5.DESIGN AND OPERATION OF PURIFIED WATER AND WATER FOR INJECTION SYSTEMS纯净水和注水系统用水的设计和操作
The design, installation, and operation of systems to produce Purified Water and Water for Injection include similar components, control techniques, and procedures. The quality attributes of the two waters differ in their bioburden expectation, the presence of a bacterial endotoxin requirement for Water for Injection, and in their methods of preparation. The similarities in the quality attributes provide considerable common ground in the design of water systems to meet either requirement. The critical difference is the degree of control of the system and the final purification steps needed to ensure removal of bacteria and bacterial endotoxins and reductions in opportunities for biofilm re-development within those purification steps that could become in situ sources of bacteria and endotoxin in the finished water.

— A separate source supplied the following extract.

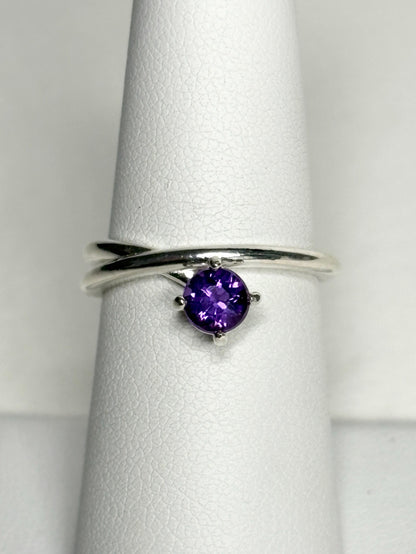 Arizona Amethyst Four Peaks Bypass Ring Sterling Silver 5mm size 6.75 - NewLifeJewelryVault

Many aspects of system design and operation relate to control and elimination of biofilm. Unit operations can cause the deterioration of water microbial attributes and the formation of biofilm on unit operation surfaces, even when properly maintained (see 8.2 Biofilm Formation in Water Systems).
Production of pharmaceutical water involves sequential unit operations (processing steps) that address specific water quality attributes and protect the operation of subsequent treatment steps. A typical evaluation process for selecting an appropriate water quality for a particular pharmaceutical purpose is shown in the decision trees in Figure 2a and Figure 2b. This diagram may be used to assist in defining requirements for specific water uses and in the selection of unit operations. The final unit operation used to produce Water for Injection is limited to distillation or other processes equivalent or superior to distillation in the removal of chemical impurities as well as microorganisms and their components, such as bacterial endotoxins. Distillation coupled with suitable pretreatment technologies has a long history of generally reliable performance (though not completely infallible) and can be validated as a unit operation for the production of Water for Injection. Other combinations of purification technologies may also be suitable in the production of Water for Injection if they can be shown through validation to be as effective and reliable as distillation in the removal of chemicals and microorganisms. The development of new designs and materials of construction for other technologies (such as reverse osmosis, electrodeionization, and ultrafiltration) that allow intermittent or continuous operation at hot bactericidal conditions show promise for a valid use in producing Water for Injection. 制药用水的生产涉及处理特定水质属性并保护后续处理步骤操作的连续单元操作(处理步骤)。图2a和图2b的决策树显示了为特定制药目的选择合适水质的典型评估过程。此图可用于辅助确定特定水使用的要求和单元操作的选择。用于生产注射用水的最终单元操作仅限于蒸馏或在去除化学杂质以及微生物及其组分(如细菌内毒素)方面与蒸馏相当或优于蒸馏的其他工艺。蒸馏结合适当的预处理技术具有长期可靠的性能(尽管不是完全可靠)，可以作为注射用水生产的单元操作进行验证。如果能通过验证证明在去除化学物质和微生物方面与蒸馏一样有效和可靠，其他的净化技术组合也可能适用于注射用水的生产。其他技术(如反渗透、电去离子化和超滤)的新设计和结构材料的开发，使其能够在高温杀菌条件下间断或连续运行，这为生产注射用水提供了有效的前景。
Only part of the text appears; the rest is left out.